Re: [PATCH v3 7/7] sched/topology: Use prebuilt SD flag degeneration mask

From: Valentin Schneider
Date: Mon Jul 13 2020 - 09:52:44 EST



On 13/07/20 14:43, Peter Zijlstra wrote:
> On Mon, Jul 13, 2020 at 02:28:29PM +0100, Valentin Schneider wrote:
>>
>> On 13/07/20 13:55, Peter Zijlstra wrote:
>> > On Wed, Jul 01, 2020 at 08:06:55PM +0100, Valentin Schneider wrote:
>> >> Leverage SD_DEGENERATE_GROUPS_MASK in sd_degenerate() and
>> >> sd_degenerate_parent().
>> >>
>> >> Note that this changes sd_degenerate() somewhat: I'm using the negation of
>> >> SD_DEGENERATE_GROUPS_MASK as the mask of flags not requiring groups, which
>> >> is equivalent to:
>> >>
>> >> SD_WAKE_AFFINE | SD_SERIALIZE | SD_NUMA
>> >>
>> >> whereas the current mask for that is simply
>> >>
>> >> SD_WAKE_AFFINE
>> >>
>> >> I played with a few toy NUMA topologies on QEMU and couldn't cause a
>> >> different degeneration than what mainline does currently. If that is deemed
>> >> too risky, we can go back to using SD_WAKE_AFFINE explicitly.
>> >
>> > Arguably SD_SERIALIZE needs groups, note how we're only having that
>> > effective for machines with at least 2 nodes. It's a bit shit how we end
>> > up there, but IIRC that's what it ends up as.
>> >
>>
>> Right, AFAICT we get SD_SERIALIZE wherever we have SD_NUMA, which is any
>> level above NODE.
>
> Oh, right, I forgot we have NODE, d'0h. But in that case these lines:
>
> if (nr_node_ids == 1)
> pflags &= ~SD_SERIALIZE;
>
> are dead code, right?
>

Uuuuh right, that does sound like something made obsolete by having NODE;
we didn't have it back then:

5436499e6098 ("sched: fix sd_parent_degenerate on non-numa smp machine")

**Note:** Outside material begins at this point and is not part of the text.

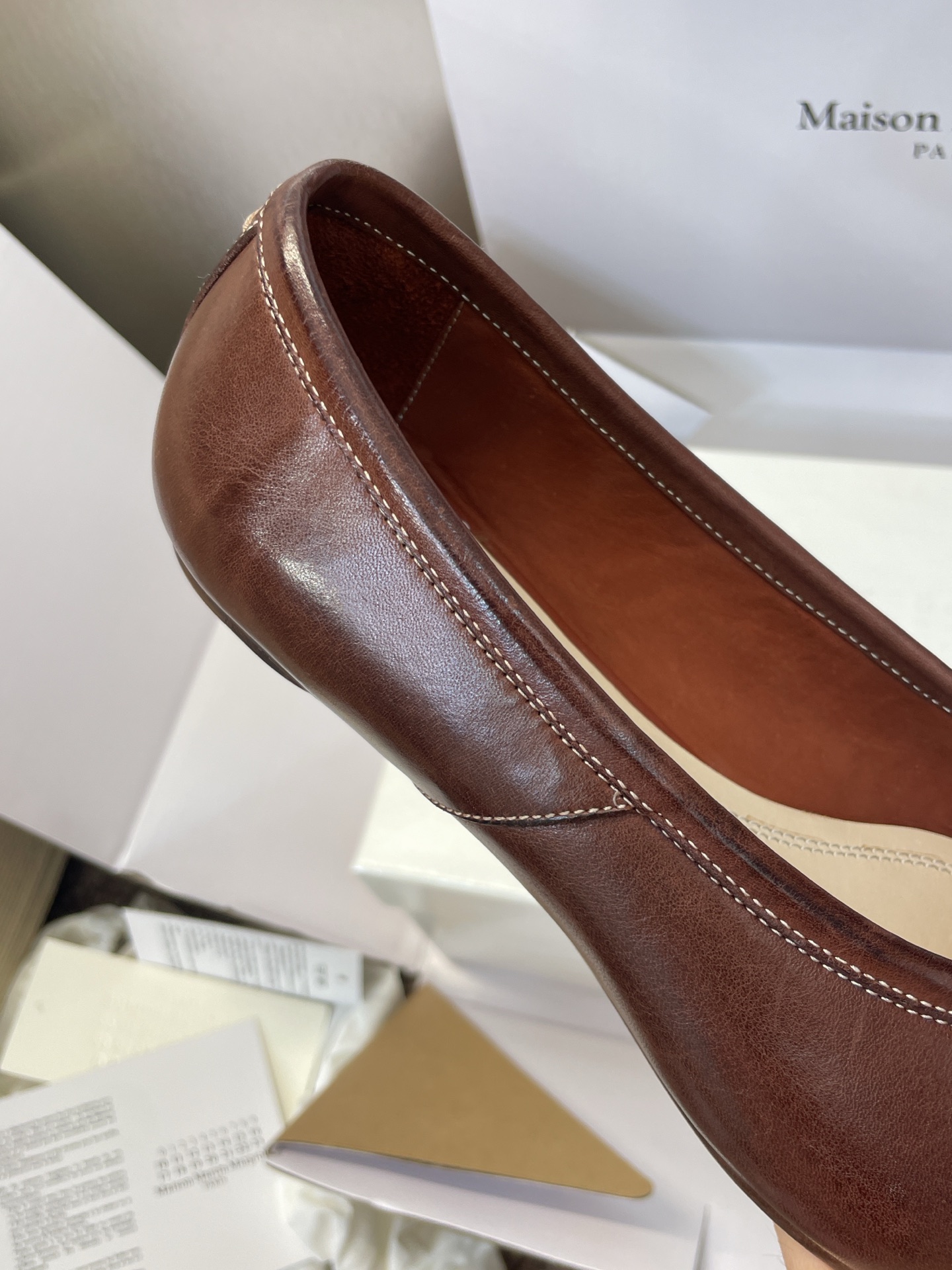 Fashion Substitutes: Maison Margiela Ballet Shoes with Unique Waterwashing Process - 图片 8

I'll fold that in (and test it, just to be sure :-)).

>> > SD_NUMA is descriptive, and not marking a group as degenerates because
>> > it has SD_NUMA seems a bit silly.
>>
>> It does, although we can still degenerate it, see below.
>>
>> > But then, it would be the top domain
>> > and would survive anyway?
>>
>> So from what I've tested we still get rid of those via
>> sd_parent_degenerate(): child and parent have the same flags and same span,
>> so parent goes out.
>>
>> That happens in the middle of the NUMA topology levels on that borked
>> topology with weird distances, aka
>>
>> node distances:
>> node 0 1 2 3
>> 0: 10 12 20 22
>> 1: 12 10 22 24
>> 2: 20 22 10 12
>> 3: 22 24 12 10
>>
>> which ought to look something like (+local distance to end result)
>>
>> 2 10 2
>> 1 <---> 0 <---> 2 <---> 3
>>
>> We end up with the following NUMA levels (i.e. deduplicated distances)
>> NUMA (<= 12)
>> NUMA (<= 20)
>> NUMA (<= 22)
>> NUMA (<= 24)
>>
>> For e.g. any CPU of node1, NUMA(<=20) is gonna have the same span as
>> NUMA(<=12), so we'll degenerate it.
>
> Man, that's horrible :-)

It is :(

> OK, fair enough, keep it as is, we'll see what
> if anything breaks.